#### [WHAT THE TASK REQUIRES]
Go through the listing below and retype exactly the lines starting at the one with "Colorful Armchairs and a Plant photo" and ending at the one with "MI vs RPS 2017", skipping pictures.

===============

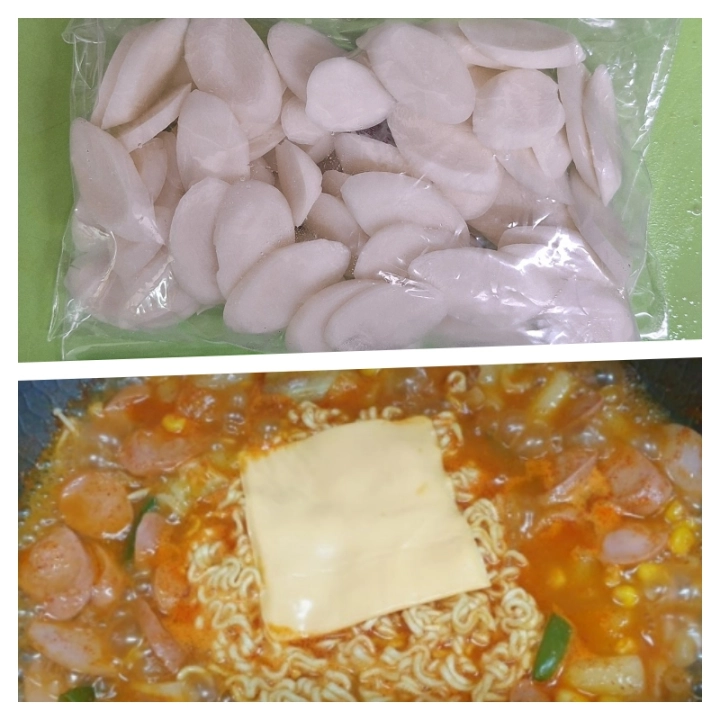 부대찌개-떡-라면-치즈-사리-사진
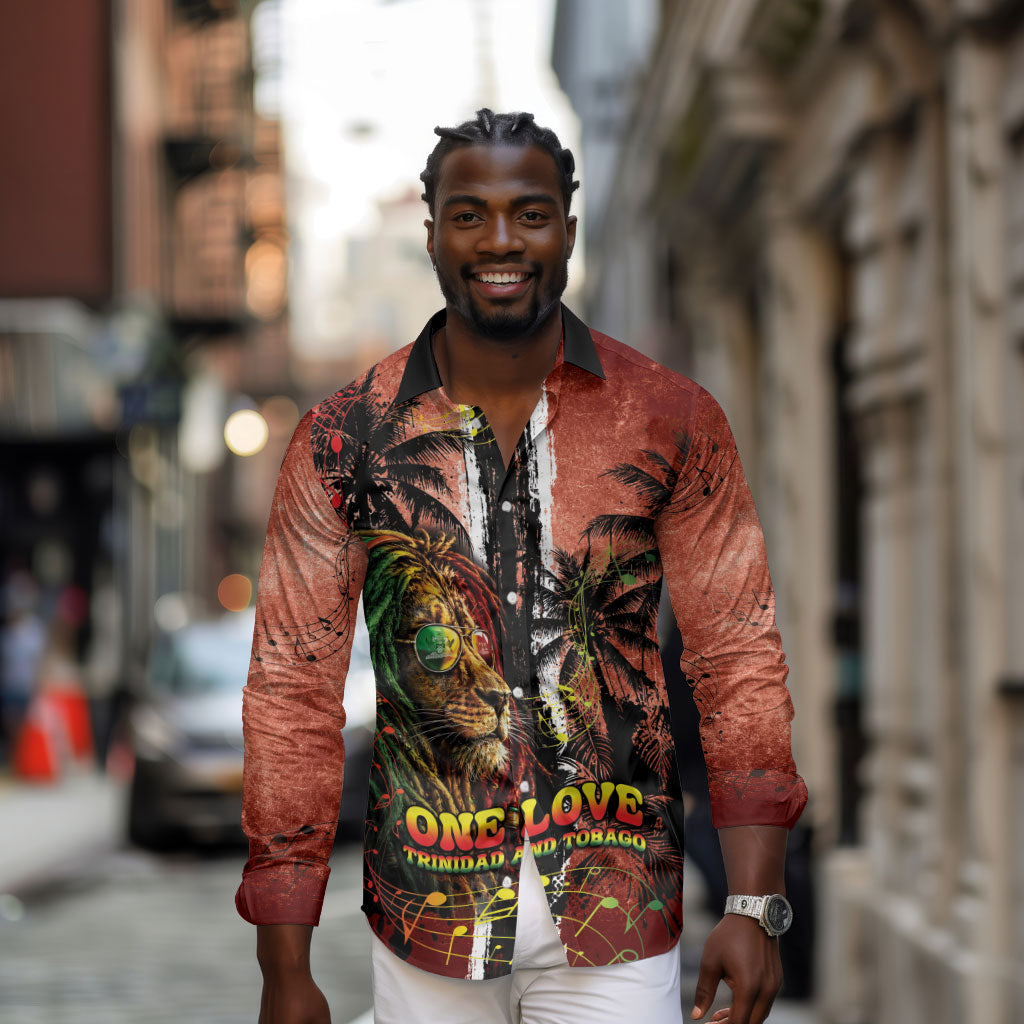 One Love Trinidad And Tobago Long Sleeve Button Shirt Rastafarian Lion Reggae Grunge Style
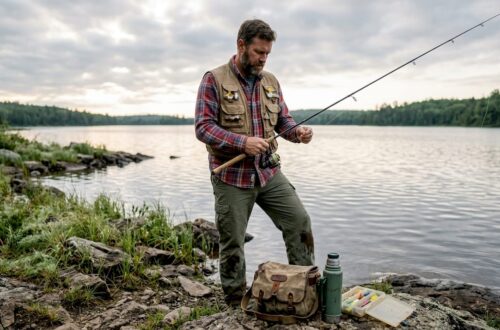 Angler assembling rod on lakeshore at dawn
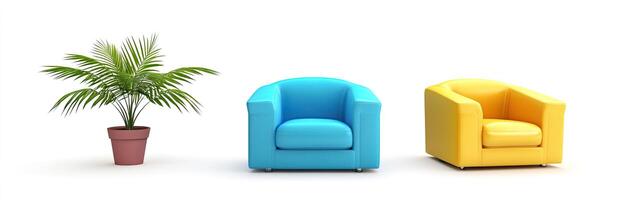 Colorful Armchairs and a Plant photo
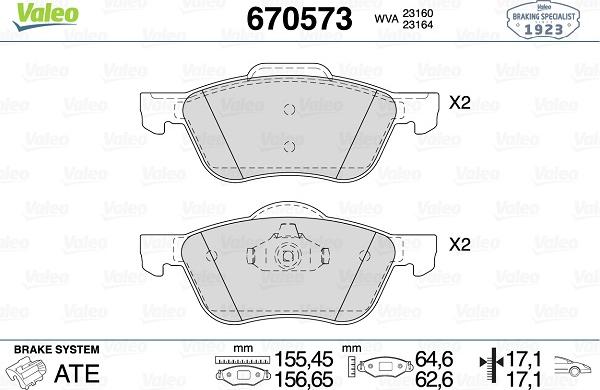 Valeo 670573 - Тормозные колодки, дисковые, комплект unicars.by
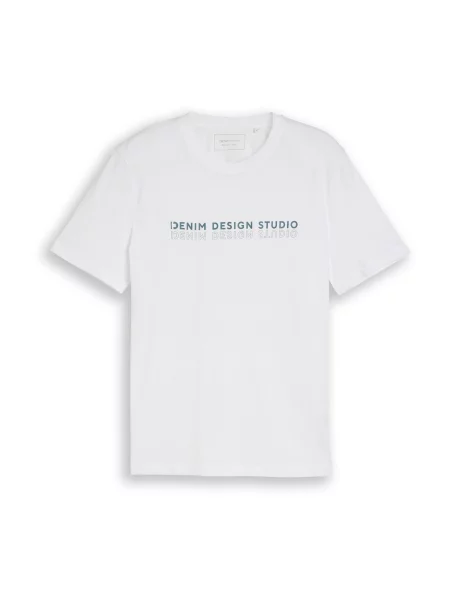 TOM TAILOR DENIM Tricou verde / verde petrol alb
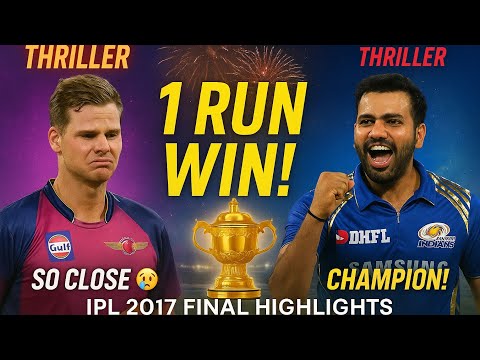 MI vs RPS 2017 Final Highlights 🔥 | Last Over Drama 😱 | Mumbai Indians Won by 1 Run 🏆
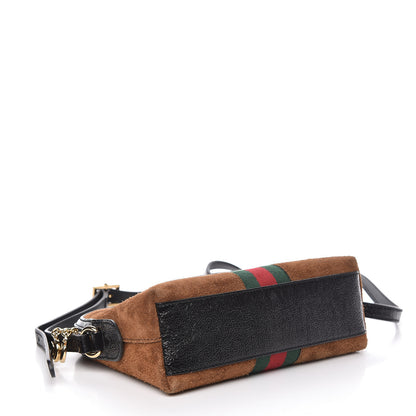 Gucci Suede Patent Web Small Ophidia Dome Shoulder Bag Nocciola Black 4 of 10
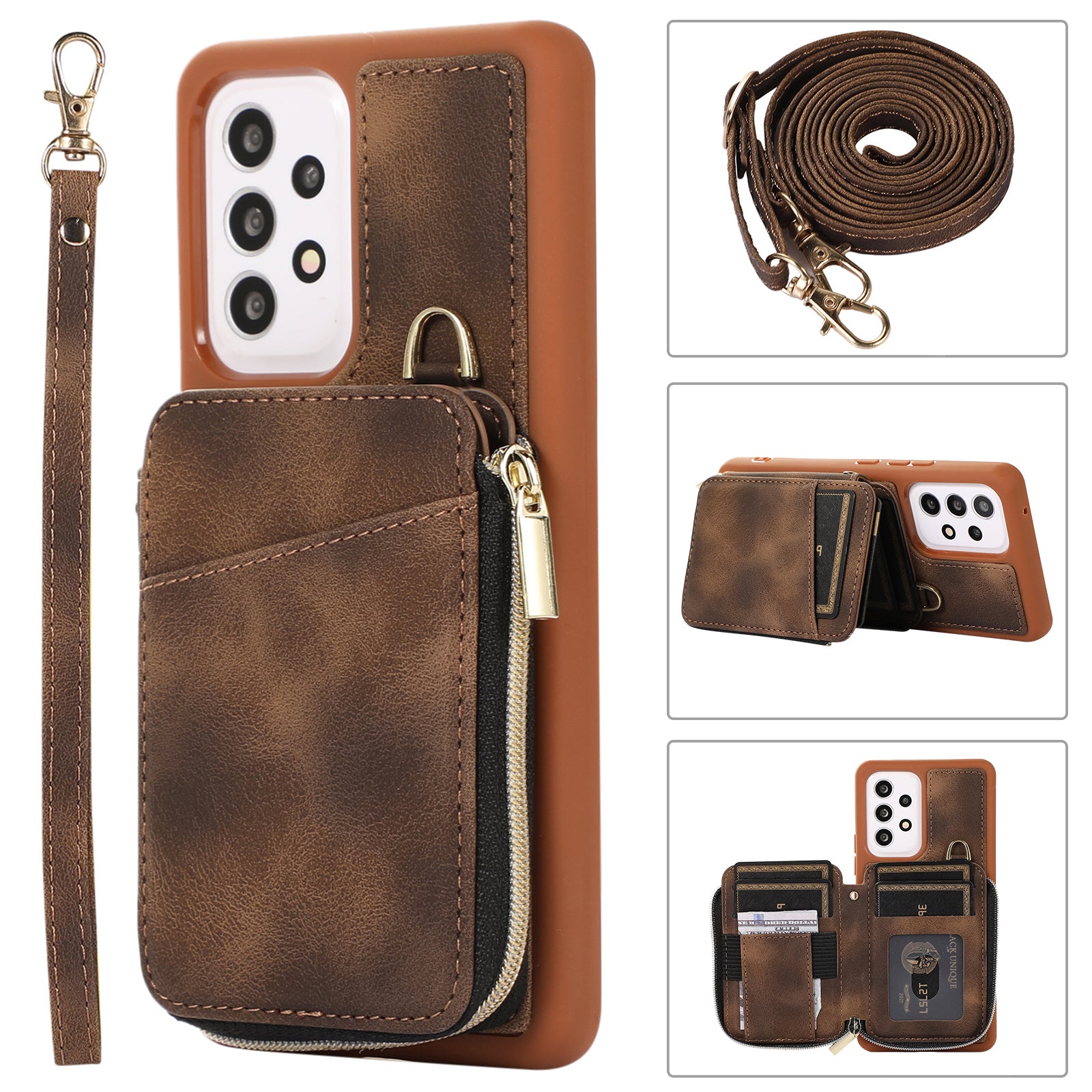 Kickstand Phone Case for Samsung Galaxy A53 5G Leather TPU Phone Cover with Zipper Card Bag Straps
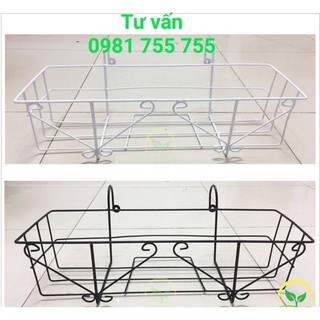 Giá móc sắt 60cm,Giỏ treo chậu hoa ban công cho chậu máng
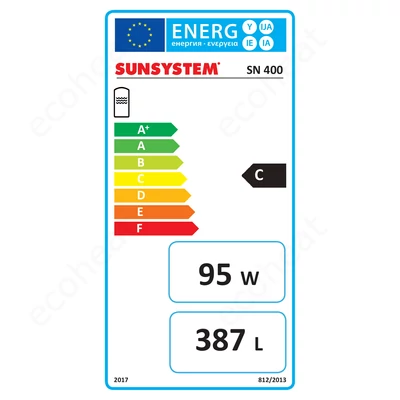Kép 2/7 - Sunsystem SN 400 indirekt használati meleg víz tartály 1 hőcserélővel (387 liter)
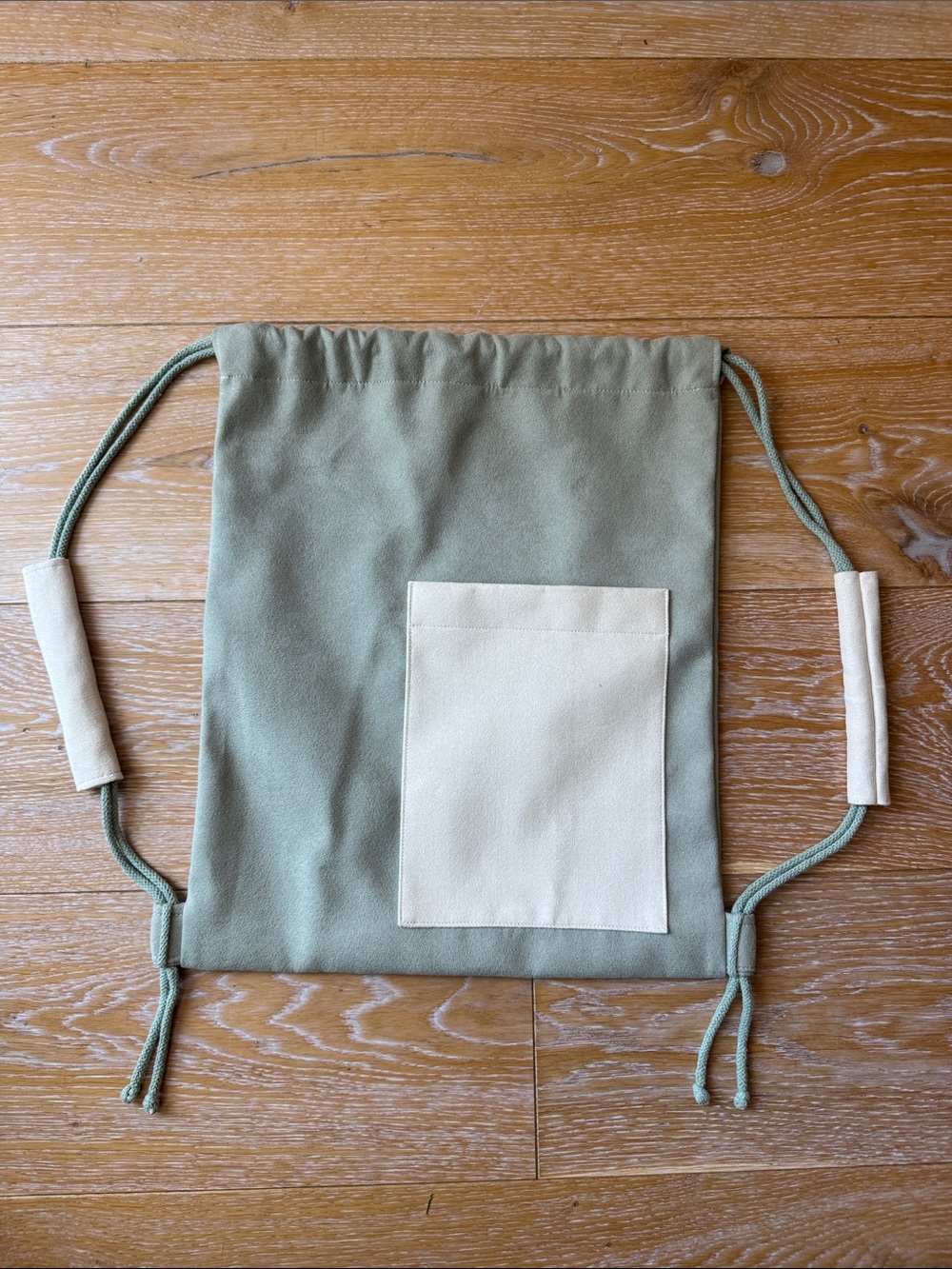 GYU Berlin Handcrafted Bag Sage Drawstring Backpack with White Front Pocket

===============

#### [WRITTEN ANSWER]
 Colorful Armchairs and a Plant photo
 Valeo 670573 - Тормозные колодки, дисковые, комплект unicars.by
 TOM TAILOR DENIM Tricou verde / verde petrol alb
 MI vs RPS 2017 Final Highlights 🔥 | Last Over Drama 😱 | Mumbai Indians Won by 1 Run 🏆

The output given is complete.